▶ [Records supplied]:
________
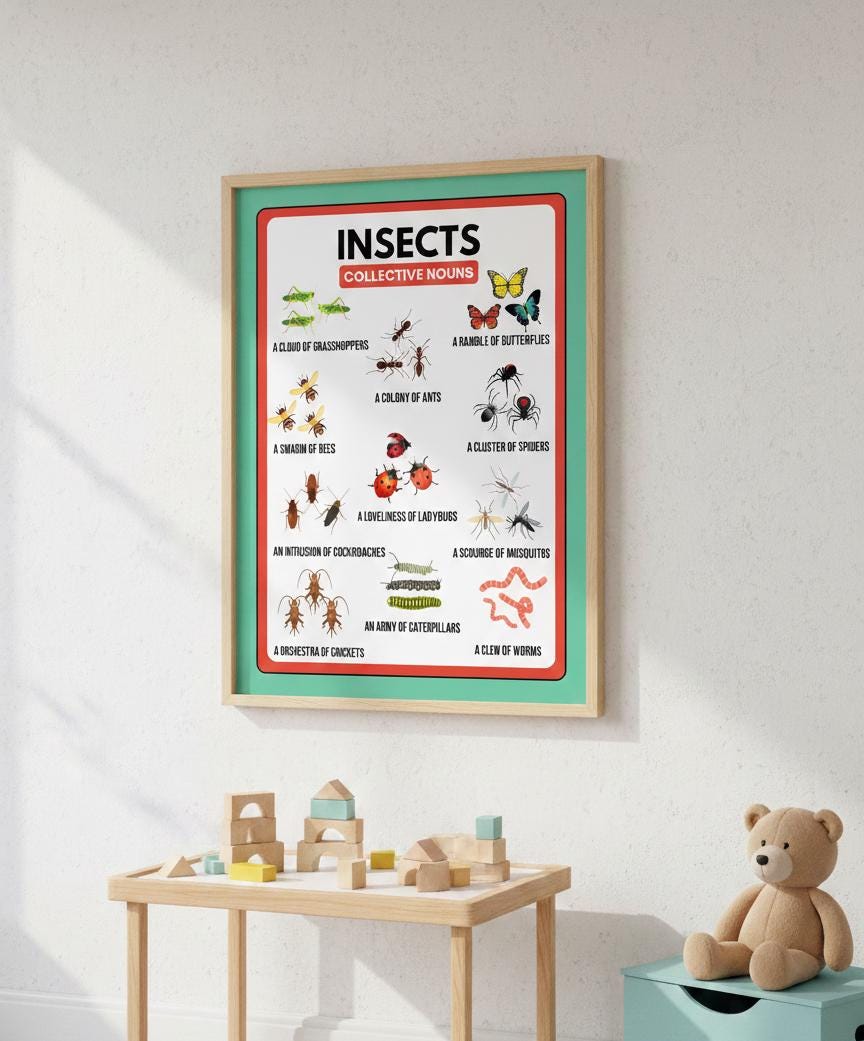Insects Collective Nouns Rolled Posters | Educational Classroom Poster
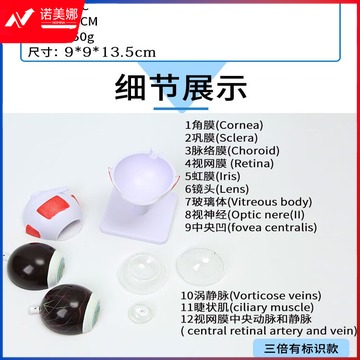 fda5be30c9ed942a.jpg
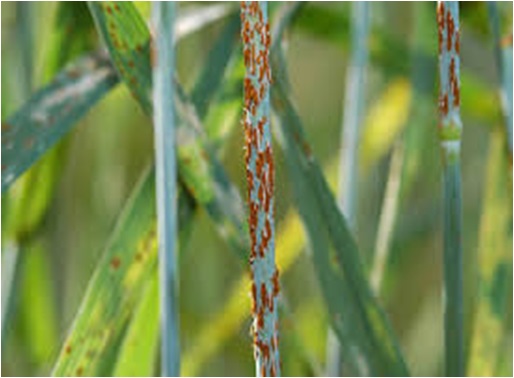 Stabljičina rđa - Puccinia graminis f.sp. tritici
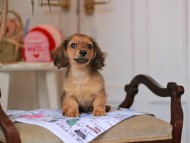 Kaninchen_Dachshund_5044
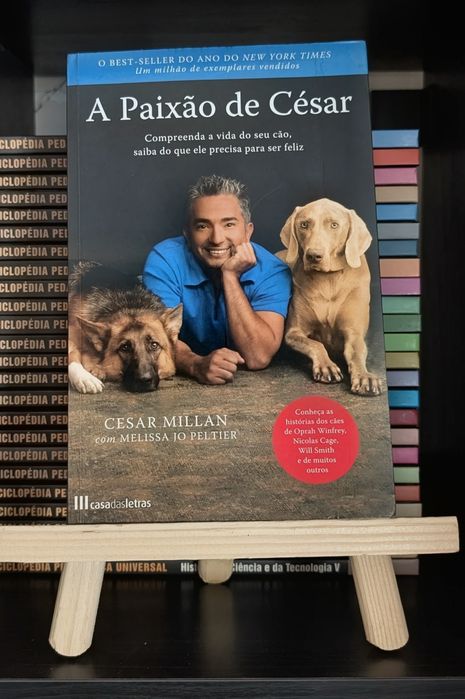 Conhecer o seu cão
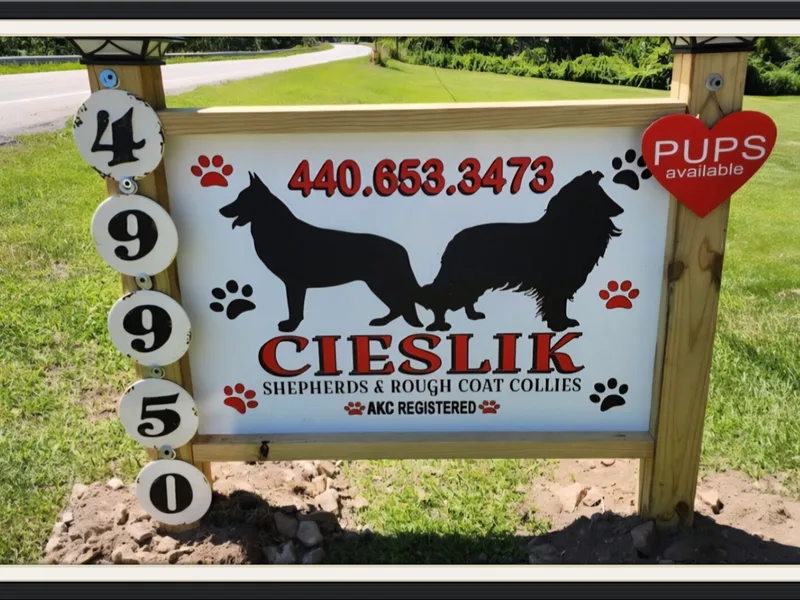 Denise Cieslik/Cieslik Shepherds & Rough Coat Collies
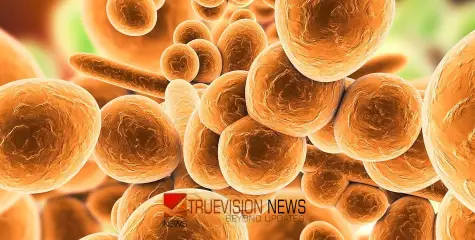 വർധിച്ചുവരുന്ന താപനില; മാരകമായ ഫം​ഗസ് വ്യാപിക്കാൻ സാധ്യതയുണ്ട്, മുന്നറിയിപ്പുമായി പഠനം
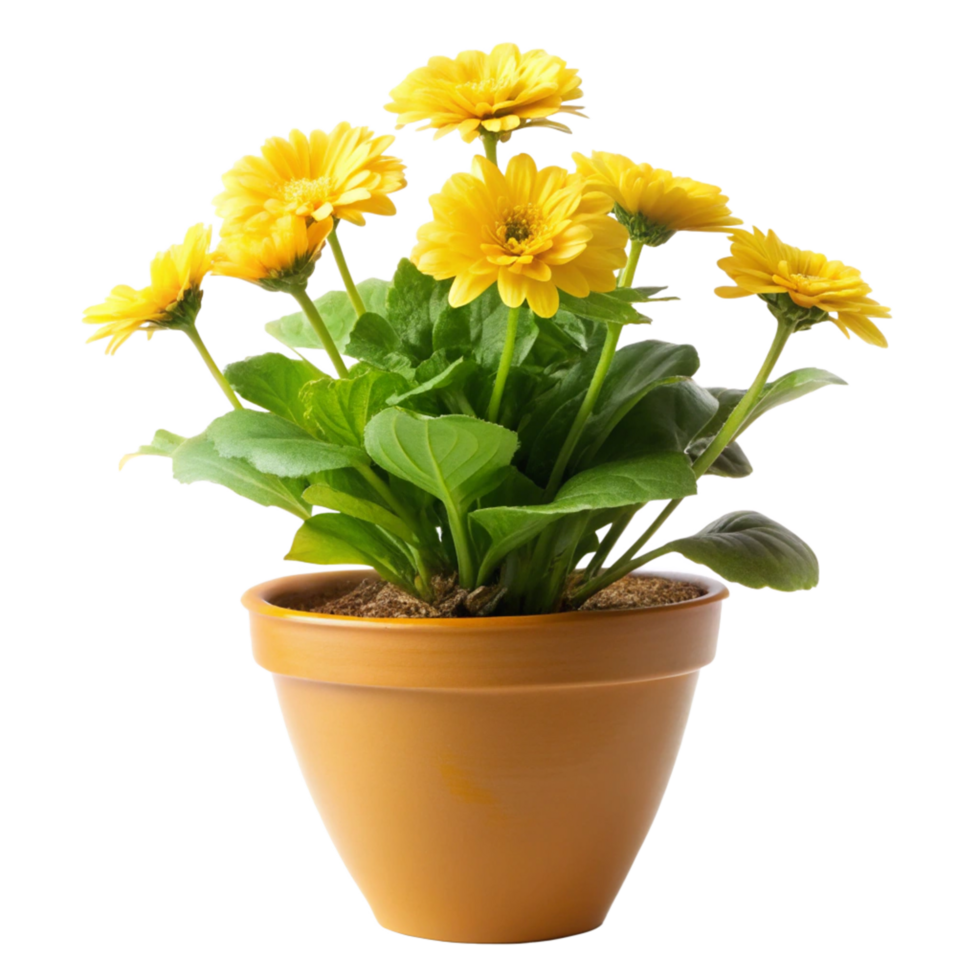 yellow flower plant tree in the pot is isolated on transparent background png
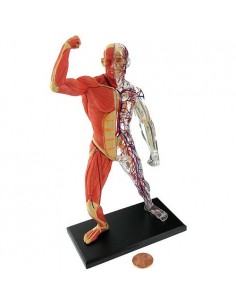El Cuerpo Humano - Musculos y Huesos 2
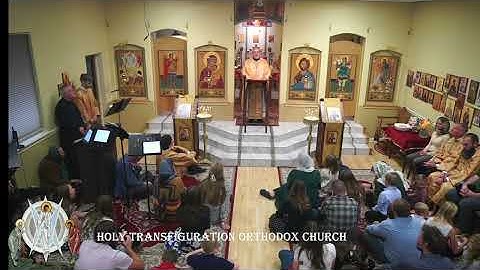Homily for the 3rd Sunday of Luke 10/19/2025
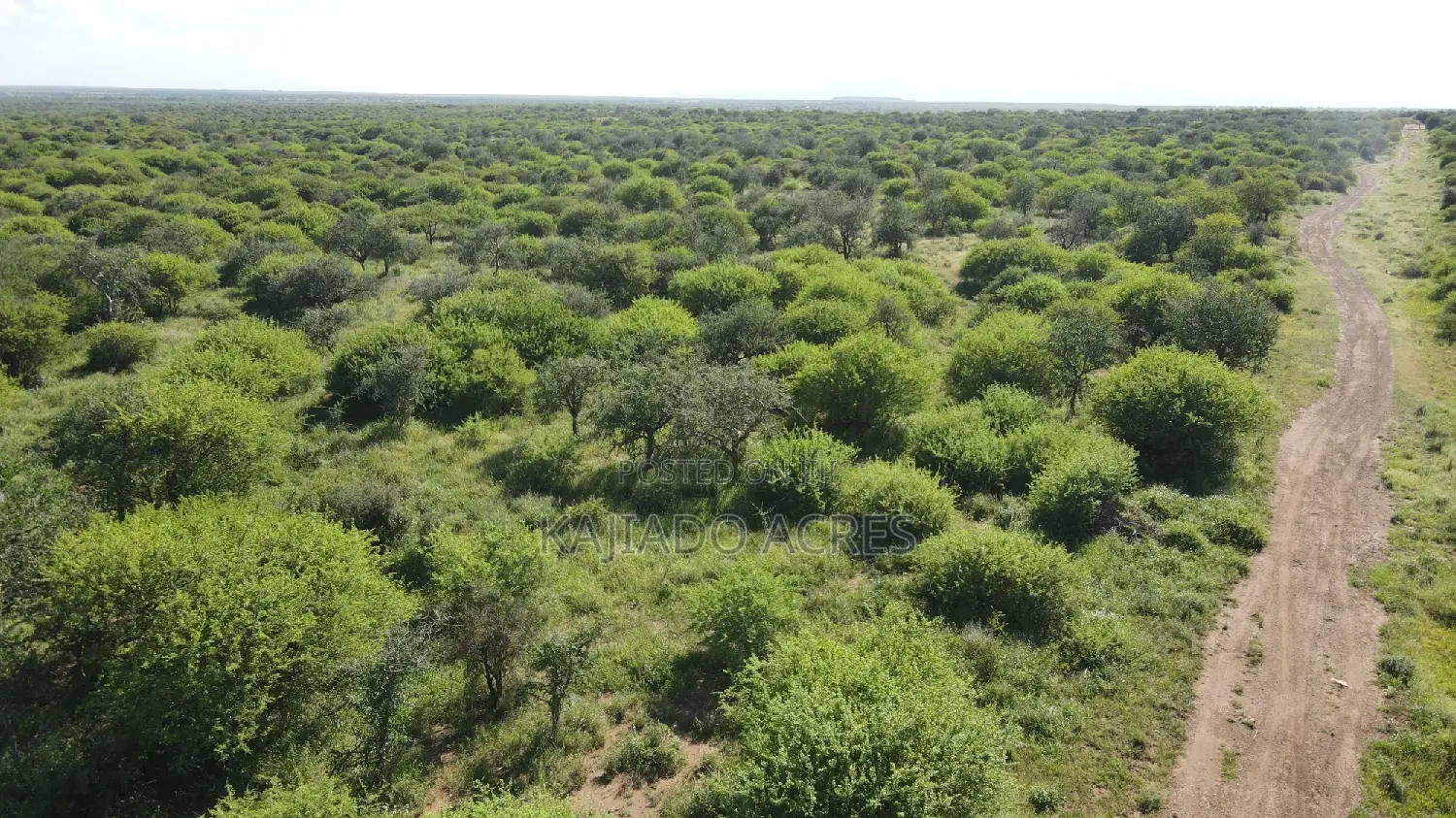 18 Acres Oloika at Per Acre in Oloosirkon/Sholinke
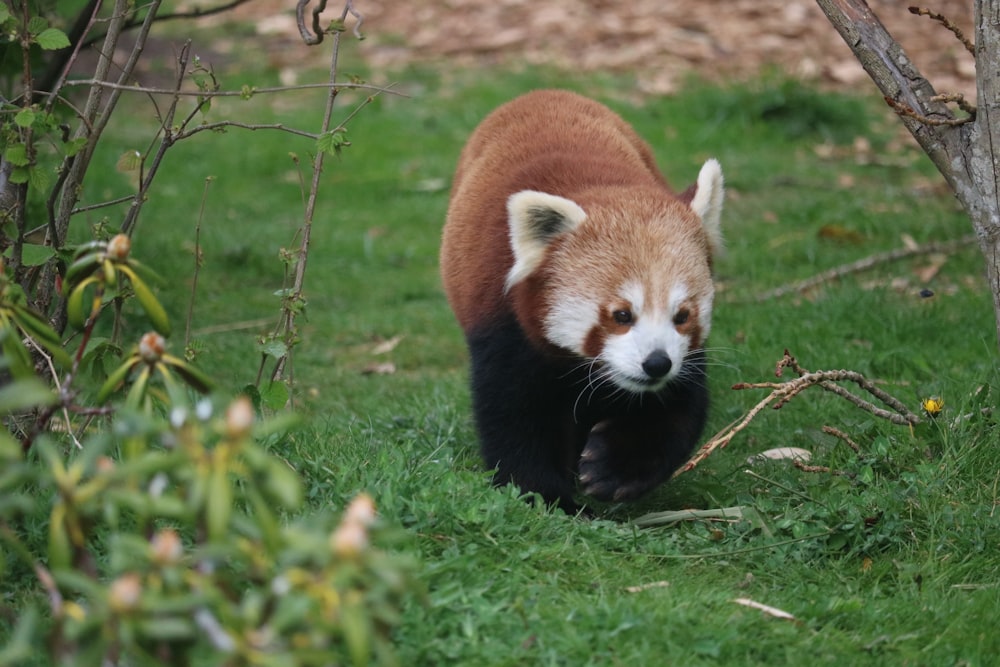 a red panda is walking through the grass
________
▶ [Task item]: Output the line that contains "Kaninchen_Dachshund_5044" and every line after it to the end of the records, word for word, leaving out the pictures.

▶ [Solution to this problem]:
 Kaninchen_Dachshund_5044
 Conhecer o seu cão
 Denise Cieslik/Cieslik Shepherds & Rough Coat Collies
 വർധിച്ചുവരുന്ന താപനില; മാരകമായ ഫം​ഗസ് വ്യാപിക്കാൻ സാധ്യതയുണ്ട്, മുന്നറിയിപ്പുമായി പഠനം
 yellow flower plant tree in the pot is isolated on transparent background png
El Cuerpo Humano - Musculos y Huesos 2
Homily for the 3rd Sunday of Luke 10/19/2025
 18 Acres Oloika at Per Acre in Oloosirkon/Sholinke
 a red panda is walking through the grass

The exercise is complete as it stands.